## [Task description]
Would you copy exactly the lines in the data below from the one that has "Batman - The" through the one that has "Used 2021 RAM 1500 Classic SLT RWD image 9", dropping any pictures?

## [Record set]
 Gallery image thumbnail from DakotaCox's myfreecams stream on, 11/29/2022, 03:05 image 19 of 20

...

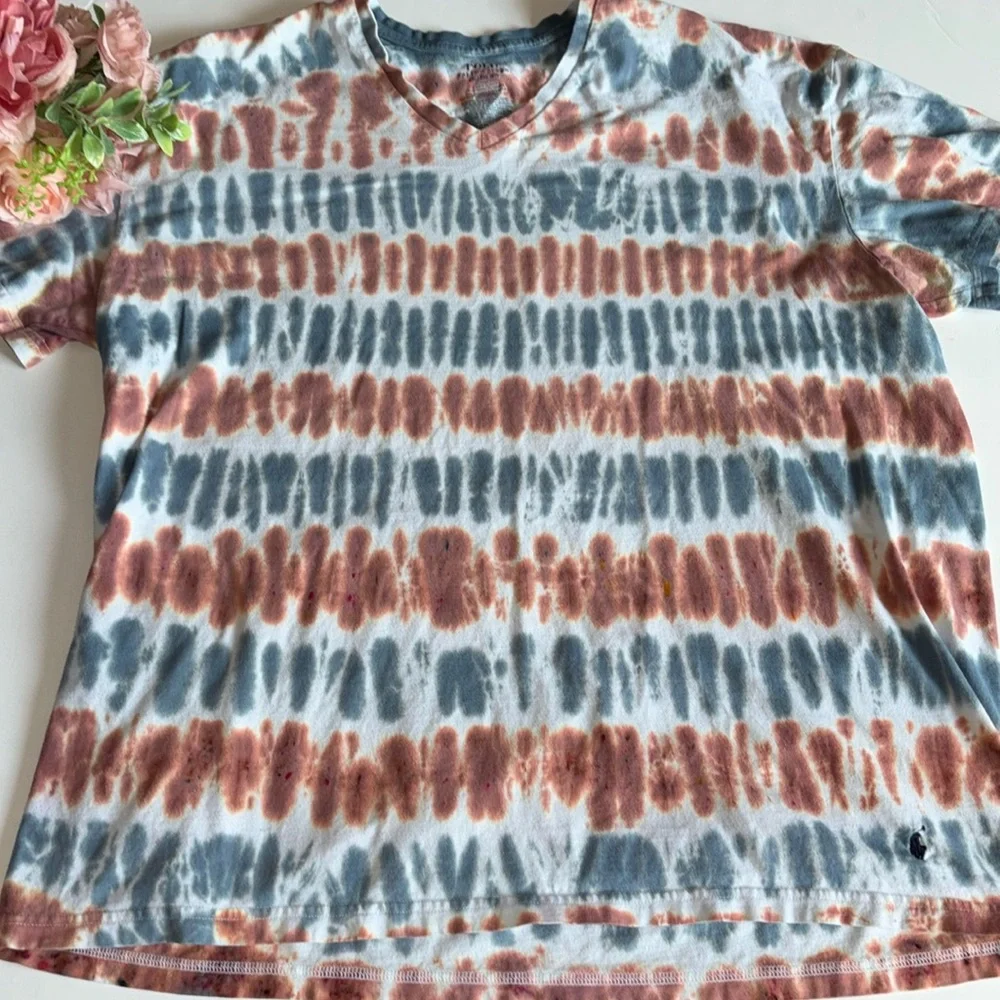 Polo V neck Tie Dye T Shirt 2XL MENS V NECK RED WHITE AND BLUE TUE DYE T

...

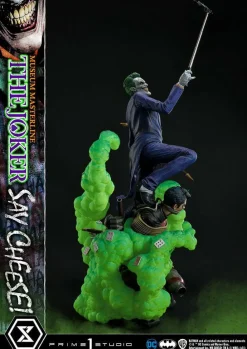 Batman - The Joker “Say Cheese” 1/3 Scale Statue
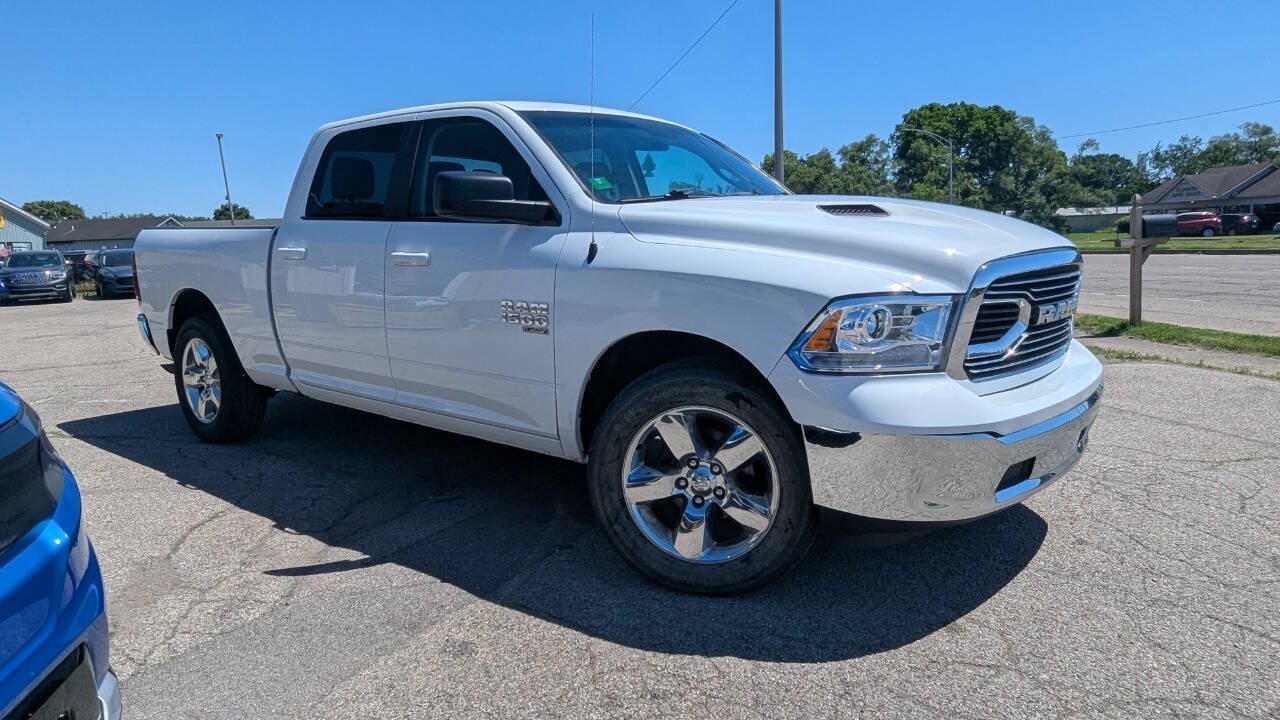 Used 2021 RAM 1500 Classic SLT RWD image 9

## [Written response]
 Batman - The Joker “Say Cheese” 1/3 Scale Statue
 Used 2021 RAM 1500 Classic SLT RWD image 9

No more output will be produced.